El Primer Ministro, Boris Johnson, anuncio que las tradicionales bodas blancas finalmente regresaran el 21 de junio, y junto a ello, el fin del límite estricto de 30 invitados. Pero se mantendrá la prohibición de bailar y las mascarillas deben permanecer en el interior.
La noticia de que las bodas no se limitarán a un puñado de invitados probablemente será un gran alivio para las parejas que han tenido que posponer sus nupcias durante los encierros.
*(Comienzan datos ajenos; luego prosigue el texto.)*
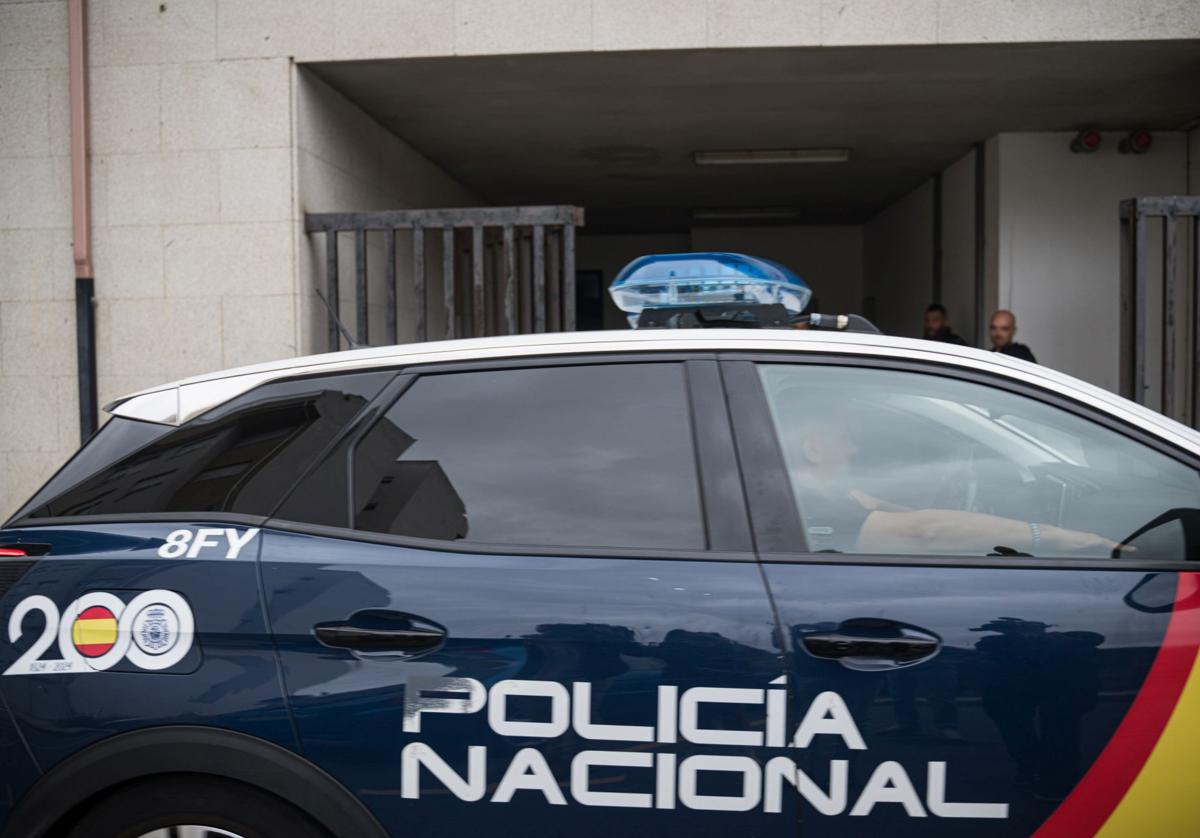 Coche de la Policía Nacional en una imagen de archivo.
En cambio, los lugares podrán elegir sus propias restricciones, y el distanciamiento social seguirá siendo un factor.
El ‘día de la libertad’ se retrasa, ya que los científicos advierten de cientos de muertes al día si no nos detenemos.
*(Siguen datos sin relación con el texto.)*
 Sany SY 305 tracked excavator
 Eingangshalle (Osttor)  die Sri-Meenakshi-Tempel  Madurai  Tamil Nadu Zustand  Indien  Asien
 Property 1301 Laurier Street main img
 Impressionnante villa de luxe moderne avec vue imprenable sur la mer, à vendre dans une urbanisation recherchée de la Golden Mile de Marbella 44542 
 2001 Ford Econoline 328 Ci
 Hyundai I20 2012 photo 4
El bloqueo se revisará nuevamente el 28 de junio, y es posible que relaje las reglas el 5 de julio.
Pero pese a todo esto, el límite de invitados a una boda se levantará a partir del 21 de junio, las parejas no tendrán que enfrentar decisiones tortuosas sobre qué miembros de la familia pueden asistir, ya que en lugar de imponer límites estrictos, los lugares podrán tomar sus propias decisiones sobre cuántas personas hay en la lista de invitados.
Las bodas en terrenos privados, incluidos los jardines, también se levantarán y el Gobierno confiará en los recién casados para tomar decisiones sobre seguridad.
Los jefes de salud dicen que las máscaras deben usarse en interiores mientras se mueve, mientras que los bufés de bodas están afuera, y se recomienda el servicio de mesa.
Los invitados que no se cubran la cara podrían enfrentar una multa de 200 libras esterlinas. Tampoco debe haber más de seis invitados en una mesa para mantener la Regla de los Seis en su lugar, y los discursos deben tener lugar al aire libre o en áreas bien ventiladas siempre que sea posible.